College athletes should make a salary


Photo collage created by Riley Swanson.

College athletics has become a billion-dollar business all the while the front-line workers, the athletes, are going unpaid. Imagine sacrificing academic time in college for sports and not being paid for that time. 

Being a college athlete is a full-time job. Attending multiple practices a week, games every weekend, and workouts that bleed into different times of the week. These athletes choose to work, study, and be full-time athletes who deserve some benefits.

Each year, colleges make millions of dollars off of their athletic programs. Big-time players such as Zion Williamson, a former Duke basketball star, brought lots of crowds and people from around the country to see the Duke team play basketball. 

Alabama University brought home $164,090,889 from football alone in 2019 according to

Even though collegiate athletes are not professionals, they are still world-class athletes sacrificing their bodies, time, and bringing in revenue and popularity for their school all while not getting paid. Coaches and athletic directors get paid, yet the athletes are the ones who do the actual workload, drive an audience to follow them, and receive nothing in return. 

“College athletics is less a nonprofit enterprise than an industry exploiting its workers,” says Brian Rosenberg, the president of Macalester College, in The New York Times

Rosenberg makes a good point about how universities with top teams can make $20 million a year from sponsorships such as Nike, while athletes who attract the sponsorships come away with nothing.

Each school profits off the labor of their players. Think of all the college sports apparel fans buy. All of that money goes directly to the school, not the players according to the New York Times.

“The student-athletes are handed the same deal year after year, with slight inflation or cost-of-living increases, while the NCAA juggernaut rakes in billions upon billions of dollars to spread throughout the coffers of a broken, corrupt system,” reports Dan Levy from Bleacher Report. 
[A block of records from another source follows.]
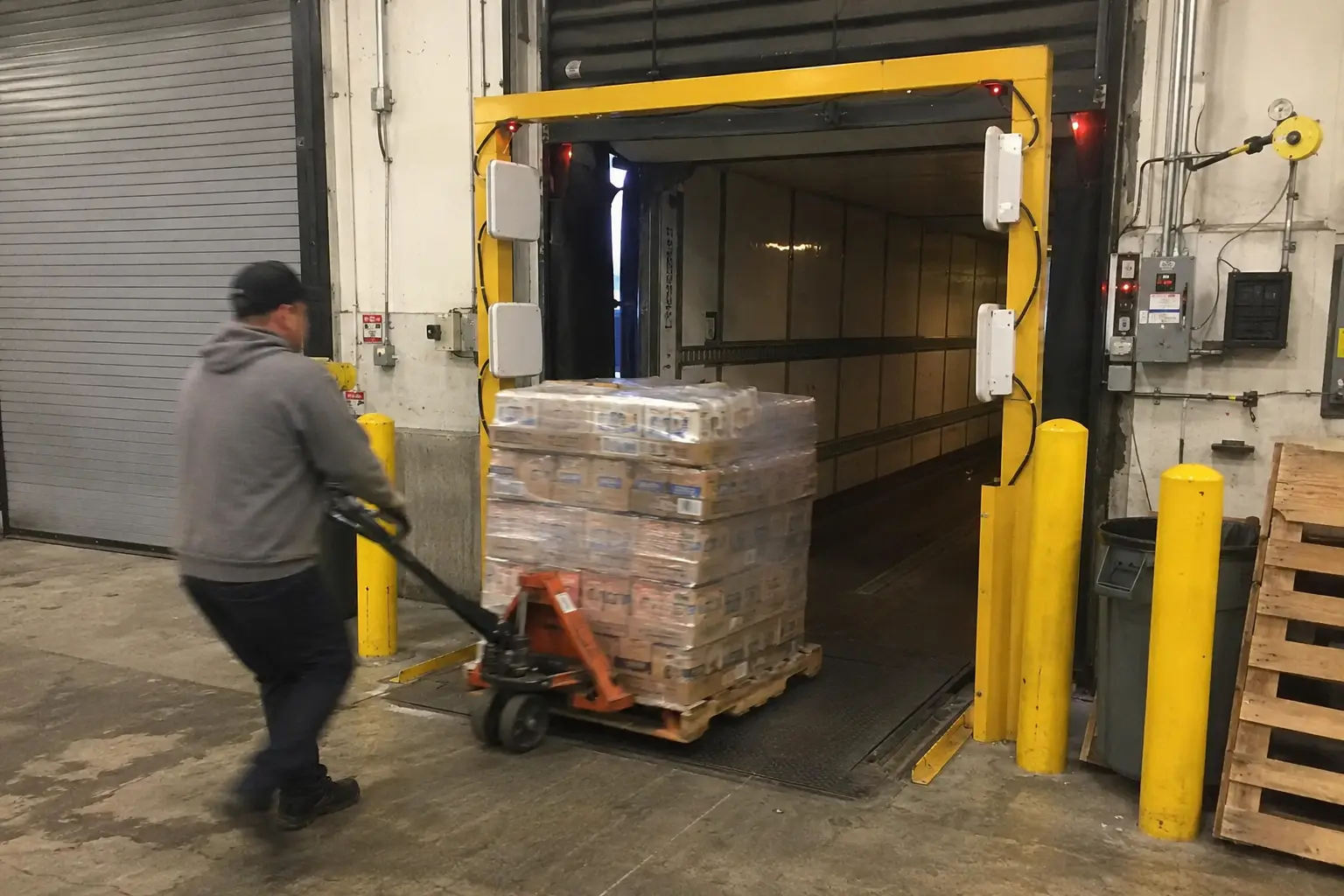RFID reader portal at a warehouse loading dock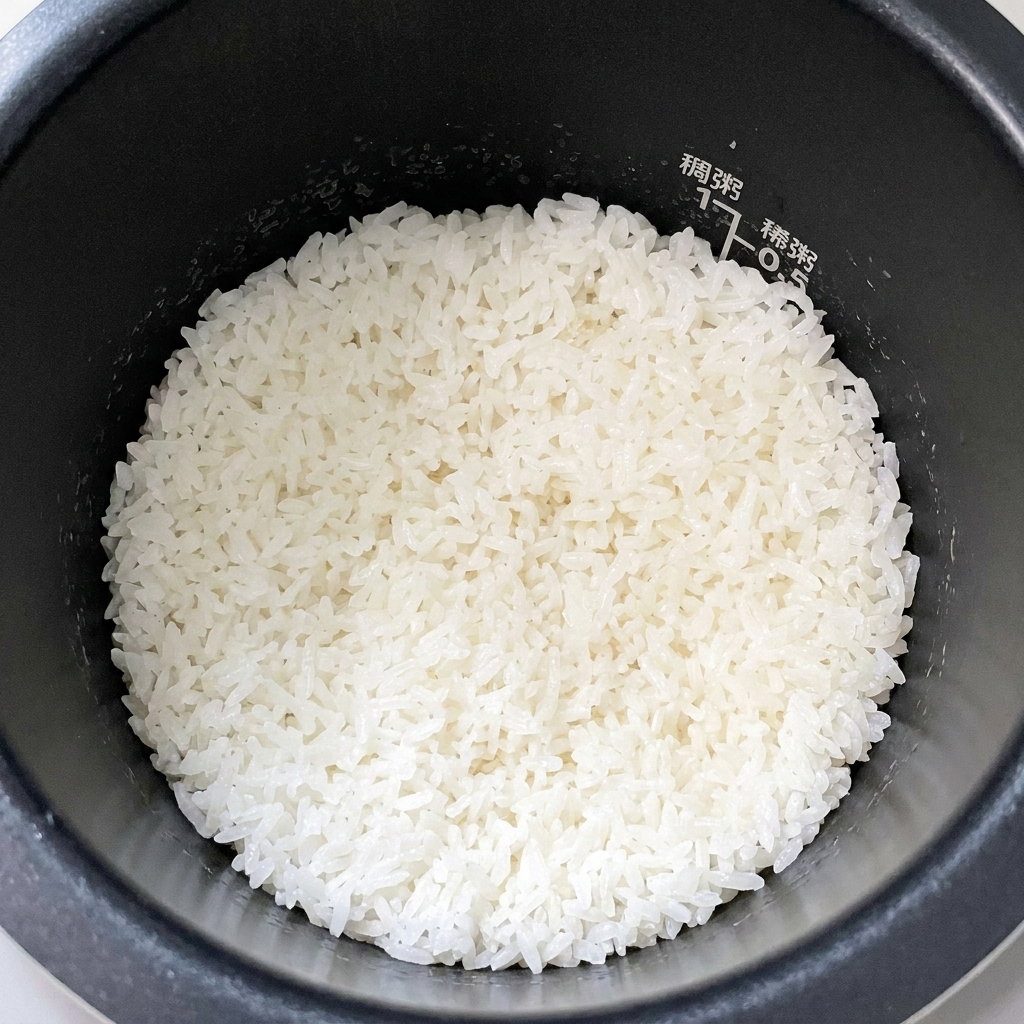 A rice paddle lifting a large scoop of freshly cooked white rice from the rice cooker pot.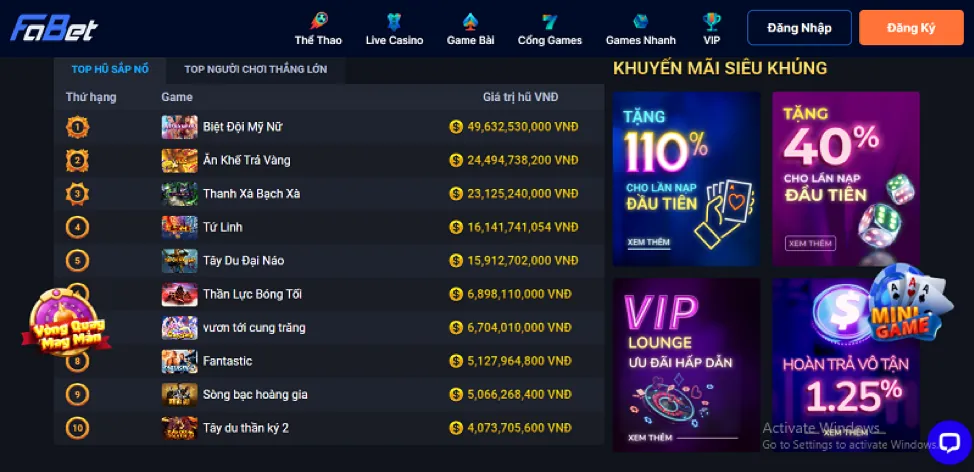Ưu đãi nạp lại vi68 casino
Scholarships alone are not enough for athletes. With schools and the NCAA making billions of dollars, the athletes deserve some pay.

According to Forbes, the schools in the Pac-12 make $250 million annually, giving the conference around $3 billion due to its current media agreement with ESPN and Fox. The Big Ten has its own network and shares $248 million per year for a total of $4 billion between the Big Ten Network, ESPN, CBS, and Fox.

Not only do colleges make money off of players, but TV networks do too. The deal between ESPN and the SEC is reportedly the richest deal in college athletics history for a conference. 

“The new extension with ESPN could land each SEC school $29 million to $35 million a year, up from the current deal that pays each school $20 million,” according to Mike Ozanian, Forbes sportswriter.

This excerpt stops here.